The principal stars of the Southern Cross (scientifically called Crux) are given in the following table:
| (Epoch 1950.0) | ||||||||
| Star | Right Ascension | Declination | Magnitude | Spectral Type | Distance (Light Years) | Radial Velocity (Km/sec) | ||
| hr | min | degrees | min | |||||
| Alpha | 12 | 23.8 | –62 | 49 | 1.05 | B1 | 217 | –12 |
| Beta | 12 | 44.8 | –59 | 25 | 1.50 | B1 | 326 | +20 |
| Gamma | 12 | 28.4 | –56 | 50 | 1.61 | Mb | .. | +21 |
| Delta | 12 | 11.5 | –58 | 28 | 3.08 | B3 | 192 | +26 |
| Epsilon | 12 | 18.7 | –60 | 08 | 3.57 | K2 | 171 | –5 |
Alpha Crucis (sometimes called Acrux) is a triple star, the two principal components having magnitudes of 1.58 and 2.09. Gamma Crucis is a double star, and noticeably of an orange colour to the naked eye. Positive radial velocity values indicate that a star is receding from us, and negative values indicate that it is approaching us.
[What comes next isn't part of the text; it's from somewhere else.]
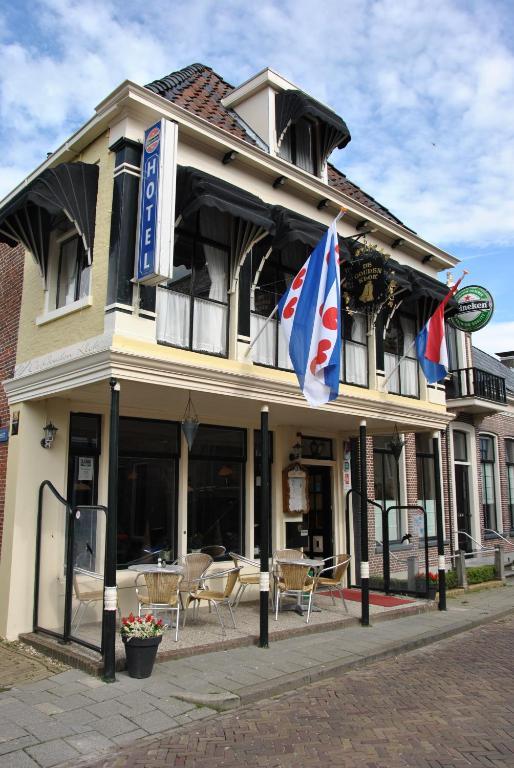 De Gouden Klok Hotell Leeuwarden Rom bilde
Such values have been determined spectroscopically.
by Ivan Leslie Thomsen, F.R.A.S.(LOND.), Director, Carter Observatory, Wellington.
On his celebrated voyage round the Cape of Good Hope in 1497, Vasco da Gama was much impressed by what appeared to be a new group of southern stars which we today know as the Southern Cross. But Vespucci after his third voyage in 1501 insisted that he was the first European to see it and called it Mandorla in reference to the oblong glory surrounding the bodies of saints ascending to Heaven. Sixteenth century writers on navigation made frequent mention of the constellation. Curiously enough Dante has reference to it in his Divine Comedy, although it is certain that at the time he could not have seen it from Italy. It would appear, therefore, that he heard of it from travellers' reports. At the present time the Cross is always visible from all New Zealand latitudes and is a circumpolar constellation. In Australia, however, for latitudes north of the Tropic of Capricorn, it is below the horizon at lower culmination.
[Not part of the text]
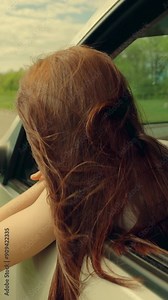 Beautiful girl travels look from car window, wind blowing her hair. Young woman passenger looks out window, enjoys fresh breeze from car window. Road trip on way to vacation. Happy look into future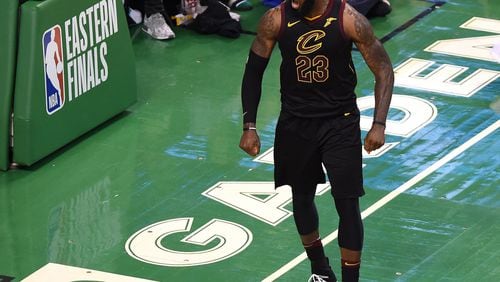Cleveland Cavaliers forward LeBron James (23) reacts after making a basket during the second half in game seven of the Eastern conference finals of the 2018 NBA Playoffs against the Boston Celtics at TD Garden.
Owing to the 26,000–year precessional movement of the earth's axis, the Cross has in the past been visible from the Northern Hemisphere. Some 5,000 years ago it would have been seen from such countries as France, Spain, and Italy. The great Alexandrian astronomer Ptolemy in the second century concluded that the stars were part of the larger constellation of the Centaur, and celestial maps continued to depict them in this fashion until about the fifteenth century A.D. There is no knowledge as to who first depicted them as a Cross, but they are shown in this fashion on a globe made in 1592 by Mollineaux in England. Another interesting coincidence is that the Cross would have been visible on the horizon of Jerusalem during the period in which the Crucifixion took place.
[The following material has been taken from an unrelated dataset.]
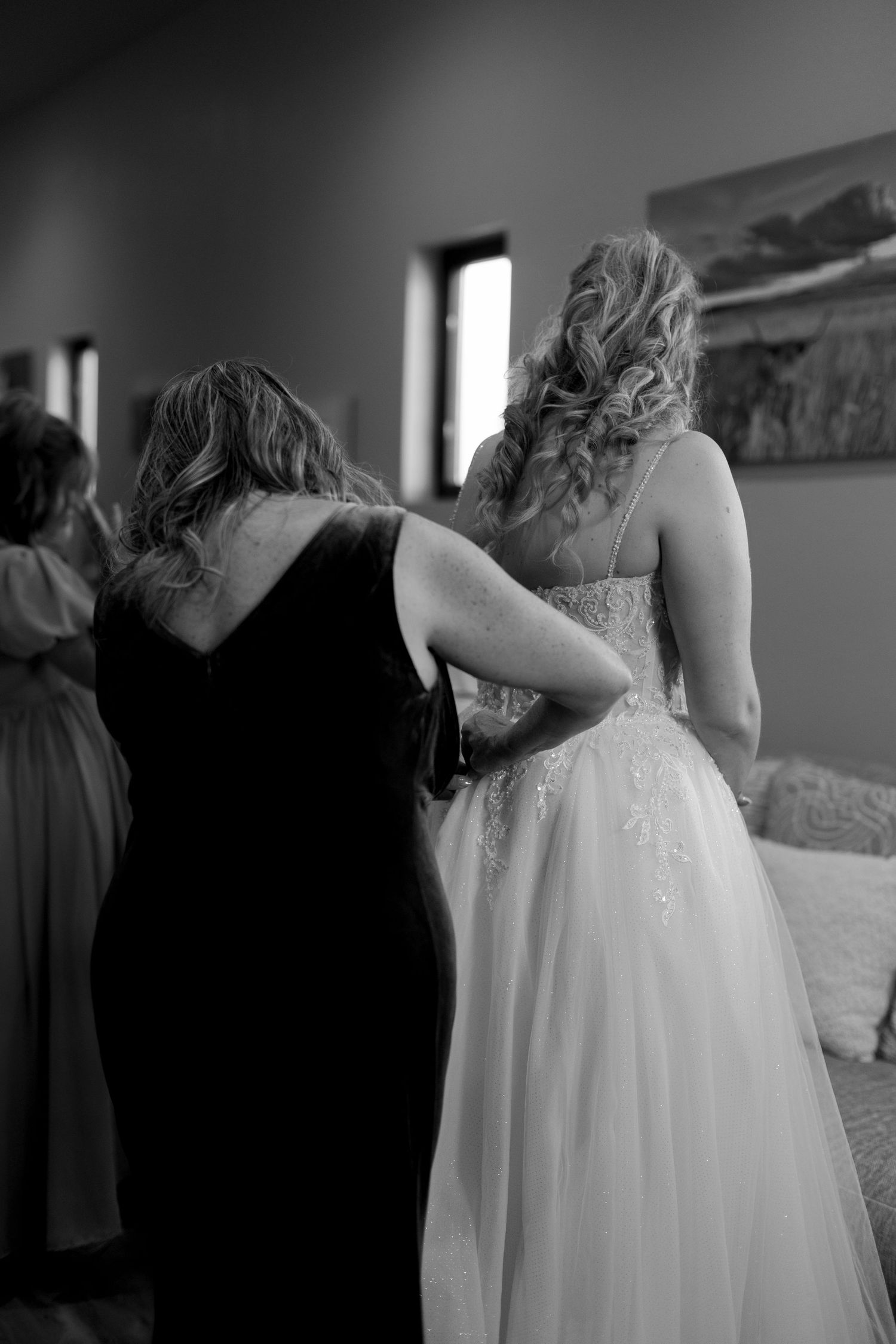 Black and white photo of bridesmaid helping bride into wedding gown before ceremony.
In the course of 24 hours the Cross makes a complete circuit in the heavens around an invisible point known as the South Celestial Pole. This is the point where the projection of the earth's axis appears to pierce the heavens, and which would be in the zenith to an observer at the South Geographical Pole. The result of this diurnal motion is that the Cross may be seen upright and high in the southern sky at upper culmination, or inverted and very low on the southern horizon at lower culmination. Between these two positions the cross-upright makes all possible angles with the horizon. An approximation to the true south direction can be made by continuing an imaginary line along the upright right across the southern sky to the bright star Achernar. The half-way point on this line is not far from the South Celestial Pole which is of course the direction of true south.